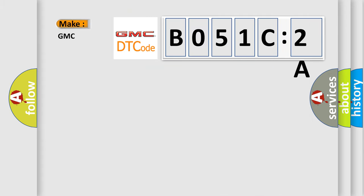So, what does the diagnostic trouble code B051C:2A interpret specifically for GMC car manufacturers?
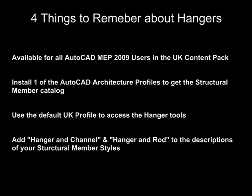Four things to remember about hangers. Available for all AutoCAD MEP 2009 users in the UK content pack. You'll have to install one of the AutoCAD architecture profiles to get the structural member catalog. You'll want to use the UK profile to access the hanger tool to begin with. And you'll want to add hanger and channel and hanger and rod to the descriptions of your structural member styles.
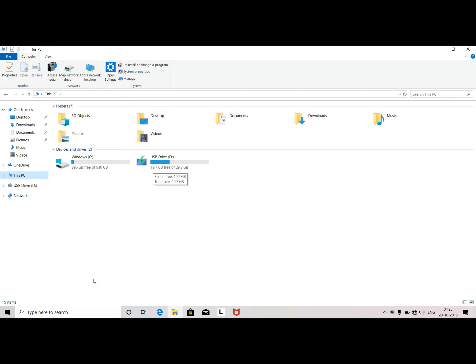If you use the recovery drive and want to install the operating system, you can use this option. It is very simple and very easy. If you want to use it in a real scenario, you can complete it in 7 to 8 minutes.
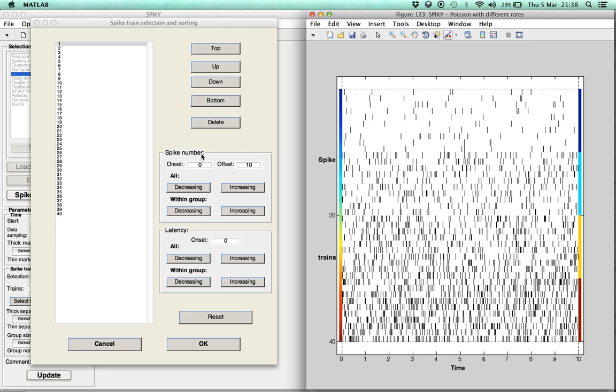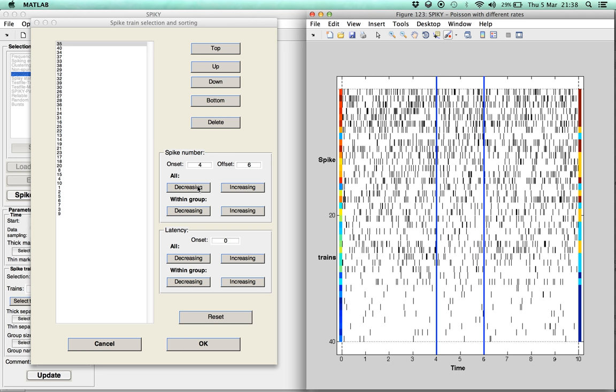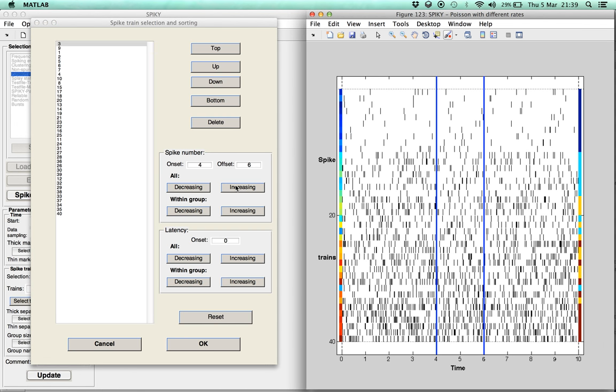For spike number, you can look at the whole dataset, but you also have the option to restrict the relevant interval to a smaller range. Here we choose the limits 4 and 6. Then you can either let the spike numbers in that interval decrease or increase.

## Work order
What you return should be all of the material above, exactly, and none of its pictures.

## Response area
So, what does the diagnostic trouble code B051C:2A interpret specifically for GMC car manufacturers?
Four things to remember about hangers. Available for all AutoCAD MEP 2009 users in the UK content pack. You'll have to install one of the AutoCAD architecture profiles to get the structural member catalog. You'll want to use the UK profile to access the hanger tool to begin with. And you'll want to add hanger and channel and hanger and rod to the descriptions of your structural member styles.
If you use the recovery drive and want to install the operating system, you can use this option. It is very simple and very easy. If you want to use it in a real scenario, you can complete it in 7 to 8 minutes.
For spike number, you can look at the whole dataset, but you also have the option to restrict the relevant interval to a smaller range. Here we choose the limits 4 and 6. Then you can either let the spike numbers in that interval decrease or increase.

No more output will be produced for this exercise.